Pero la verdadera amenaza china no es su existencia, sino su imitación. Cuando las democracias comienzan a admirar la eficiencia del autoritarismo, lo que está a riesgo es la humanidad. Porque la tentación tecnocrática es la forma más sofisticada del despotismo: aquella que promete orden a cambio de control y de sumisión.
Hacia una nueva síntesis
Mientras la clase media se desvanece, también lo hace la ilusión de que la historia avanza hacia la libertad. Cuando la clase media se desvanece, no solo desaparece un grupo social; sino que se extingue el motor que sostuvo esta idea de democracia durante los últimos siglos.

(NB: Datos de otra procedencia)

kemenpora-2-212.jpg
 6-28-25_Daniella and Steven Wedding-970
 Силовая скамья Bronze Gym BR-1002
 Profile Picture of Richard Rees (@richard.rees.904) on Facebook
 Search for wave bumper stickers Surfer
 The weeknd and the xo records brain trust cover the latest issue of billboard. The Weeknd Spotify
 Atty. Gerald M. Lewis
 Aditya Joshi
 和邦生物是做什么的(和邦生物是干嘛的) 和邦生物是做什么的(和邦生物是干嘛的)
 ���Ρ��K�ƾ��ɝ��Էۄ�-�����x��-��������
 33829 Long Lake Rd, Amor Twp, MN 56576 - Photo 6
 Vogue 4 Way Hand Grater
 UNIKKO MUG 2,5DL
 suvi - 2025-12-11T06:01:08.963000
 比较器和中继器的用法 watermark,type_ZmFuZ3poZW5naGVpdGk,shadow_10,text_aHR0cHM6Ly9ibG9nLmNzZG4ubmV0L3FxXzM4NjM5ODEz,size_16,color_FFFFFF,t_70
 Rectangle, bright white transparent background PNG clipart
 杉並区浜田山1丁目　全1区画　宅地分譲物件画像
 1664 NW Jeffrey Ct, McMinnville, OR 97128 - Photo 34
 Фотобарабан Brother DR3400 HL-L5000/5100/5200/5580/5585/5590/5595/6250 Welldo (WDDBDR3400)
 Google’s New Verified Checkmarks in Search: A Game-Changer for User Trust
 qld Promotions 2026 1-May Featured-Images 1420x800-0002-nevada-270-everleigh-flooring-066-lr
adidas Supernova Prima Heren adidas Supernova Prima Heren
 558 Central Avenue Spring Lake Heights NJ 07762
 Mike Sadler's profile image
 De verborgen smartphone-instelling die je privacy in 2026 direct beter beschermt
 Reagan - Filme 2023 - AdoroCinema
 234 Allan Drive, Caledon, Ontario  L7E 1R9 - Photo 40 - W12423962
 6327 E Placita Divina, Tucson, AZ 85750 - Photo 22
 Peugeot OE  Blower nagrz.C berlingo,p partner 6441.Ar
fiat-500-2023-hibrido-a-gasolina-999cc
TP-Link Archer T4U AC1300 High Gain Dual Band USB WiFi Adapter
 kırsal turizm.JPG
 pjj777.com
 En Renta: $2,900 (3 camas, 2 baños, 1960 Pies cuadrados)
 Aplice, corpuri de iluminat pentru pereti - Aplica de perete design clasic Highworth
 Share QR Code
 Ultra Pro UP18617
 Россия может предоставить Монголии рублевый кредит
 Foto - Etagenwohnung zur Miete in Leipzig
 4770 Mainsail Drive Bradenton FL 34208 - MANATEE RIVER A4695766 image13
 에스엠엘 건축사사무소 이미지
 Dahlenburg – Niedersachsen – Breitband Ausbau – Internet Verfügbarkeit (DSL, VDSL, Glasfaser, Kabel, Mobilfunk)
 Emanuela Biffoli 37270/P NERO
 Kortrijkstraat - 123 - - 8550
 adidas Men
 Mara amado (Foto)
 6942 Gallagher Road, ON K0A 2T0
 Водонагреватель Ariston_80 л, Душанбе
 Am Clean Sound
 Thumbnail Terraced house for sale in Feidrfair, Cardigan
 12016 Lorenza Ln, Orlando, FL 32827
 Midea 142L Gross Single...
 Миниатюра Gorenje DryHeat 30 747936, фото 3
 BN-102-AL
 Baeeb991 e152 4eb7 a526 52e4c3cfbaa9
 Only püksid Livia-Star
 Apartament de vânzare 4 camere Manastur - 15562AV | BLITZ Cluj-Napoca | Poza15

Pierre Rosanvallon advierte que la democracia no muere por golpes de Estado, sino por inanición de significado: muere cuando deja de ofrecer esperanza. Quizás el desafío sea imaginar una ideología capaz de reconciliar la economía con la dignidad humana. Una narrativa de progreso que no reduzca la justicia a estadísticas ni la política a gestión. Que reconstruya la idea de comunidad. Que rediseñe los sistemas públicos con la ayuda de la tecnología, no para controlarnos, sino para liberarnos de la precarización. Que recupere la noción de que la riqueza colectiva no se mide por el PBI -menos aún por el PBI per cápita-; sino por la calidad de vida que les da a sus ciudadanos. Una idea que reinstale la idea de que la democracia no es un trámite electoral, sino una ética de convivencia; una forma de vida.
Tal vez esta sea la tarea del siglo: reinventar la fe en el progreso no como promesa de abundancia; sino como búsqueda de sentido, de ética y de identidad.